Material for the task:
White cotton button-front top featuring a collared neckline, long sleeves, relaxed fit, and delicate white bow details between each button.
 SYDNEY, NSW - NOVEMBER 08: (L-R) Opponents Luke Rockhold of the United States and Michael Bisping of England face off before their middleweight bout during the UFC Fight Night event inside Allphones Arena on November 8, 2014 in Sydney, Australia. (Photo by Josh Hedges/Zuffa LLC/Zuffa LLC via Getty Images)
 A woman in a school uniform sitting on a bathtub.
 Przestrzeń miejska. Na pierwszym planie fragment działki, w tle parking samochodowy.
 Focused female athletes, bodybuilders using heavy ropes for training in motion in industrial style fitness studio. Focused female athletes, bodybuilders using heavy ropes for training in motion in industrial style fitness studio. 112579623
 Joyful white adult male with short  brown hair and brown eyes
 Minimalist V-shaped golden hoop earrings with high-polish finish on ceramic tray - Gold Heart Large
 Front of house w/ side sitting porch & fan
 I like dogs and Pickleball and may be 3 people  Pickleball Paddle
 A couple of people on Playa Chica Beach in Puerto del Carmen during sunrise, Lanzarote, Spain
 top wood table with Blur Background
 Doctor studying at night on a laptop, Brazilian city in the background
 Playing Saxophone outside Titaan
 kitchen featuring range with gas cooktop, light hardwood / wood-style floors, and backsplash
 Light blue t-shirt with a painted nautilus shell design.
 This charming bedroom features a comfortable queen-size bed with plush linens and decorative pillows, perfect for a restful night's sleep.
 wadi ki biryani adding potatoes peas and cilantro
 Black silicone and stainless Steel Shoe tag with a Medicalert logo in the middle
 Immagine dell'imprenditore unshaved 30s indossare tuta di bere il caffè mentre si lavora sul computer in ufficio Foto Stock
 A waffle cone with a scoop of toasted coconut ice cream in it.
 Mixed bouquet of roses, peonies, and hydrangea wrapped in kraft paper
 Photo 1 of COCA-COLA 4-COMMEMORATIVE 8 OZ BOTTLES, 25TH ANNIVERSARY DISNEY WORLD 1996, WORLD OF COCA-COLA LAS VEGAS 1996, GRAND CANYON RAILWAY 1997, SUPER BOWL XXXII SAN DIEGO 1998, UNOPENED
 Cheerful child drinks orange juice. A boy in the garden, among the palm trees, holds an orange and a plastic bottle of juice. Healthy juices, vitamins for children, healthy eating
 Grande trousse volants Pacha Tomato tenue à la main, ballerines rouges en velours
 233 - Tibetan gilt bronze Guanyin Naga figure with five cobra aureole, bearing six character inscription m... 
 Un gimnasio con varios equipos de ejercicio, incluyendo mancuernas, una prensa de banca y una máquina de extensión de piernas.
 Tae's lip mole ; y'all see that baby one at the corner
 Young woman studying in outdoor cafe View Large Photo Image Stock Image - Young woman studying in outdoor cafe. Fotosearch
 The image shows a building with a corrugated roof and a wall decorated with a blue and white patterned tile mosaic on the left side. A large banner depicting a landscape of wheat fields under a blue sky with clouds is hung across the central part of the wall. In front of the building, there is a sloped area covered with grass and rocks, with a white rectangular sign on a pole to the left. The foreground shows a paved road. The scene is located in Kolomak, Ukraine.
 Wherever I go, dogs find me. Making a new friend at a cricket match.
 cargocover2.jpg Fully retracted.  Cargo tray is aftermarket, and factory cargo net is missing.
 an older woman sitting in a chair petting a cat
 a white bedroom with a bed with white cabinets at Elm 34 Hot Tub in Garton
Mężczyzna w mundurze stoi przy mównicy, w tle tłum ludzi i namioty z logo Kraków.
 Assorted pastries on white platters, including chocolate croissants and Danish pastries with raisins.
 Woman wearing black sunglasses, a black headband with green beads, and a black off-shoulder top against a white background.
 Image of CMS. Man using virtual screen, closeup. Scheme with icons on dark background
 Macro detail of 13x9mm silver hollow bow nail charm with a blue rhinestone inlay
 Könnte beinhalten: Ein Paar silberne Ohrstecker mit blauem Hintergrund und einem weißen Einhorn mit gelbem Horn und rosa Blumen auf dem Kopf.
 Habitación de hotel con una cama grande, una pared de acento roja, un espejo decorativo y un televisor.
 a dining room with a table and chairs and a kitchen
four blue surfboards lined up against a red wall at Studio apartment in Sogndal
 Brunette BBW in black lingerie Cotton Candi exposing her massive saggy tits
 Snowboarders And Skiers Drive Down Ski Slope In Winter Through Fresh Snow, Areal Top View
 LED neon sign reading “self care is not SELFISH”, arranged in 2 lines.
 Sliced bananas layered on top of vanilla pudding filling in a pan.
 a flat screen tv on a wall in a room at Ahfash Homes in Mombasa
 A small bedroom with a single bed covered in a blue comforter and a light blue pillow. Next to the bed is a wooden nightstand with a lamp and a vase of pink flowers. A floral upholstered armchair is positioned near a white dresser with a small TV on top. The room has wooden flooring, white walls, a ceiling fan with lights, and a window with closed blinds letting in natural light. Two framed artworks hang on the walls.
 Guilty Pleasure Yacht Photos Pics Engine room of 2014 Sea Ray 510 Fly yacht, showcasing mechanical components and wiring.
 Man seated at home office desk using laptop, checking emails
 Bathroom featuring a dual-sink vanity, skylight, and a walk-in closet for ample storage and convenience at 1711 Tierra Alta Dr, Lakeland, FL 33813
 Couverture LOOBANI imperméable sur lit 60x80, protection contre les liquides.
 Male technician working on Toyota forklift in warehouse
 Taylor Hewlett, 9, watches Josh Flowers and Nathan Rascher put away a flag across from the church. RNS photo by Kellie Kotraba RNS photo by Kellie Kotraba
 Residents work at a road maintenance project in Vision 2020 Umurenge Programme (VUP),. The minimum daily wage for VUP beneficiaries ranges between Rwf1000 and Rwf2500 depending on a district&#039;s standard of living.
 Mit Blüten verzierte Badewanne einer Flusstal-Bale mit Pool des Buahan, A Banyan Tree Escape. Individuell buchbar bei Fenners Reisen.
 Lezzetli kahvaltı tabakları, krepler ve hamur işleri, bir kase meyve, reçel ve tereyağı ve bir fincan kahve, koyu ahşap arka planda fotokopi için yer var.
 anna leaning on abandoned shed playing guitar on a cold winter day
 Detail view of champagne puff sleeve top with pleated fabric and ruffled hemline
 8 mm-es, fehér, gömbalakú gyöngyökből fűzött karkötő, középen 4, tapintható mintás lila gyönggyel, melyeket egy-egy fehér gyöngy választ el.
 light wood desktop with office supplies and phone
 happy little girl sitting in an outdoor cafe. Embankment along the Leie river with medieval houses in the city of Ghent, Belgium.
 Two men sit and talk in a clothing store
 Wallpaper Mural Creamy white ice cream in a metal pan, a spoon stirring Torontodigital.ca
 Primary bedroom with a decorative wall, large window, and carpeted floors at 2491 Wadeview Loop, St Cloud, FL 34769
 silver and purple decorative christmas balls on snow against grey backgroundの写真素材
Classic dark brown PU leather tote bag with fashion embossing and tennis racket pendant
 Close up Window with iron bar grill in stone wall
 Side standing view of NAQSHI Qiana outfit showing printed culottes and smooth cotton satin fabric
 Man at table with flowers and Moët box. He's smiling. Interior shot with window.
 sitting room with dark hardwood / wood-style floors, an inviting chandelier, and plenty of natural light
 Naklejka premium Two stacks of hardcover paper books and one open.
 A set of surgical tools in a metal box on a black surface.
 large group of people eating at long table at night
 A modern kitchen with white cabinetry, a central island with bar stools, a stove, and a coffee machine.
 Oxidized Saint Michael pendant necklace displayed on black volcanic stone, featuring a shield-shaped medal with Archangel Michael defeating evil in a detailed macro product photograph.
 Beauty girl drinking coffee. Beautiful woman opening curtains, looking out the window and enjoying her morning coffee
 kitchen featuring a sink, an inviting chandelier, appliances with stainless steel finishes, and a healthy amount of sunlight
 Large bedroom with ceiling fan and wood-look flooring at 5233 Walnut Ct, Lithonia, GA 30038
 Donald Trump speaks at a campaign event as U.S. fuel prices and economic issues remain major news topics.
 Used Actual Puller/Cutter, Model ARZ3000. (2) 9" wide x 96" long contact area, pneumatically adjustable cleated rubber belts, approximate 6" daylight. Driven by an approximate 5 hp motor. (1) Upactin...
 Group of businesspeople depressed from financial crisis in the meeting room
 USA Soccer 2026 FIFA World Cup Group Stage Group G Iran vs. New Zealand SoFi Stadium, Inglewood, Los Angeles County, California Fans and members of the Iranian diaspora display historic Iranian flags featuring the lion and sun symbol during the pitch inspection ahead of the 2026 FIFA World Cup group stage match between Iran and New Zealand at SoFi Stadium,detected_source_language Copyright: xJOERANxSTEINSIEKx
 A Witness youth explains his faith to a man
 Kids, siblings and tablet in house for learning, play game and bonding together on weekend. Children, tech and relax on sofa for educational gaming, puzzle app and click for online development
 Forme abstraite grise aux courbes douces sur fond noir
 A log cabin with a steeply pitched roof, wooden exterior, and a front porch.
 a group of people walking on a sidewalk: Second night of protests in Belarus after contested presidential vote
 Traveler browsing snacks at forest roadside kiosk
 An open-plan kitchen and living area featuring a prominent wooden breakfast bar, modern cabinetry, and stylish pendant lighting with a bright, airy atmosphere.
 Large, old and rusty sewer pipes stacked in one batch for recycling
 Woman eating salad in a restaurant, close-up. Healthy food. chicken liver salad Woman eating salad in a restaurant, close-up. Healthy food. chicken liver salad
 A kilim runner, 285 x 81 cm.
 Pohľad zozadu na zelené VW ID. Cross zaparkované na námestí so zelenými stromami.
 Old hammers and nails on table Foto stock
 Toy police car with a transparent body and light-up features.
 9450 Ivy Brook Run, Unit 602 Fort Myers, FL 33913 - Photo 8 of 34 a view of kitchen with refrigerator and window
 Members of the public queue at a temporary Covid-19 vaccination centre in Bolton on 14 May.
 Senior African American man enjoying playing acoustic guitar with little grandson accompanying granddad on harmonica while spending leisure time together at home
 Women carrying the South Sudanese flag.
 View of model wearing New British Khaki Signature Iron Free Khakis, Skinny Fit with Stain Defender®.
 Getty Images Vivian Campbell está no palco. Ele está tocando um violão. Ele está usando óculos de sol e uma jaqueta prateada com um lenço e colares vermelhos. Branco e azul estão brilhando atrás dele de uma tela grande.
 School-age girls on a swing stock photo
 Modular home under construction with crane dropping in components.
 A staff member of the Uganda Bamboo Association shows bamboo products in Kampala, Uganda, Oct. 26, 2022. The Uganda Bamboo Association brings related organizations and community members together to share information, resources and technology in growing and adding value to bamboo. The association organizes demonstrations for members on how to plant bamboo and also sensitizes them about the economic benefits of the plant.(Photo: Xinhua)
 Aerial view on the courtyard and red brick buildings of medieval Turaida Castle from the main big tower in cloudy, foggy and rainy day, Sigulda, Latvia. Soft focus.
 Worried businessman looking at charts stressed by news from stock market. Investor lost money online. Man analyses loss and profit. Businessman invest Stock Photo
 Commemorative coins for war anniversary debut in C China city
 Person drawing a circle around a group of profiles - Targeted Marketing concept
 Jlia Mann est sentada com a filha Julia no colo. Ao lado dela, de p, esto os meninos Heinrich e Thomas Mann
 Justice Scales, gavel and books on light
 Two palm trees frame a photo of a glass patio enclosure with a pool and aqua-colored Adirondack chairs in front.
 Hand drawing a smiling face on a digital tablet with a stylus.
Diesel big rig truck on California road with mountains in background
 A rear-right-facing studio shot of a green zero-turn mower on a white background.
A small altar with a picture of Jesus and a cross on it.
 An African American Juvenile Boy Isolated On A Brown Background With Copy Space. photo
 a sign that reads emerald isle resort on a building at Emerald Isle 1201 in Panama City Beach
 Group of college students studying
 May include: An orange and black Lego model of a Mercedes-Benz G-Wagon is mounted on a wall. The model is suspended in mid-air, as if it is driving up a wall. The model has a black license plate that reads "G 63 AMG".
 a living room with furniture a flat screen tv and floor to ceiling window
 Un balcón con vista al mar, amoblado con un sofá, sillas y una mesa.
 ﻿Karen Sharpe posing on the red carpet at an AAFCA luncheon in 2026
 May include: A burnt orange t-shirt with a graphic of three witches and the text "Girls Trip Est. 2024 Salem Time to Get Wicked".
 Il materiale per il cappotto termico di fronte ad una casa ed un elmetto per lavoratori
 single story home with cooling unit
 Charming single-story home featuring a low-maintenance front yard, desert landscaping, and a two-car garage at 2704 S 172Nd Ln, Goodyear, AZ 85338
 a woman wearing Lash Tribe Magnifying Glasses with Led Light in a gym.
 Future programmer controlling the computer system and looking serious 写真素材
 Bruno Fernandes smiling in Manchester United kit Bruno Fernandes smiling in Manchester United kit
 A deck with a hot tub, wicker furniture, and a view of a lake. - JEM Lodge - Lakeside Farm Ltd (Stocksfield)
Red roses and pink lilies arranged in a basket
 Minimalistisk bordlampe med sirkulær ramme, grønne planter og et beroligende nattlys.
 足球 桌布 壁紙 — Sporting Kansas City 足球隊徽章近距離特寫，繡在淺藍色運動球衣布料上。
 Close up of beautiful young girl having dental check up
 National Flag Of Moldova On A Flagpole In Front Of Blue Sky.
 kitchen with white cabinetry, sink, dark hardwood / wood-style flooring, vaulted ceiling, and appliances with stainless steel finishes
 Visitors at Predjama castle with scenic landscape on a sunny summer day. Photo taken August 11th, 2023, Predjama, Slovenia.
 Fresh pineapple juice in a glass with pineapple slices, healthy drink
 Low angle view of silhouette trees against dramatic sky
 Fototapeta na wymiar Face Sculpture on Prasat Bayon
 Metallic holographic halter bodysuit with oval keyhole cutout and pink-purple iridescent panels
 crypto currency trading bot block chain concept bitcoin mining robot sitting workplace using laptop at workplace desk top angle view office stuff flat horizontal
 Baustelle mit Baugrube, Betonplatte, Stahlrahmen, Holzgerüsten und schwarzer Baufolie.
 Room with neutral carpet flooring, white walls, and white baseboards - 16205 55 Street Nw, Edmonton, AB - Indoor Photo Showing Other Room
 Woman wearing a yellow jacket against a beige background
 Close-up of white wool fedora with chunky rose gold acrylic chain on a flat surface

Directions:
Write out, from the lines above, only those from the line with "LED neon sign" to the line with "a flat screen tv on", exactly as given, including the first and the last.

Final answer:
 LED neon sign reading “self care is not SELFISH”, arranged in 2 lines.
 Sliced bananas layered on top of vanilla pudding filling in a pan.
 a flat screen tv on a wall in a room at Ahfash Homes in Mombasa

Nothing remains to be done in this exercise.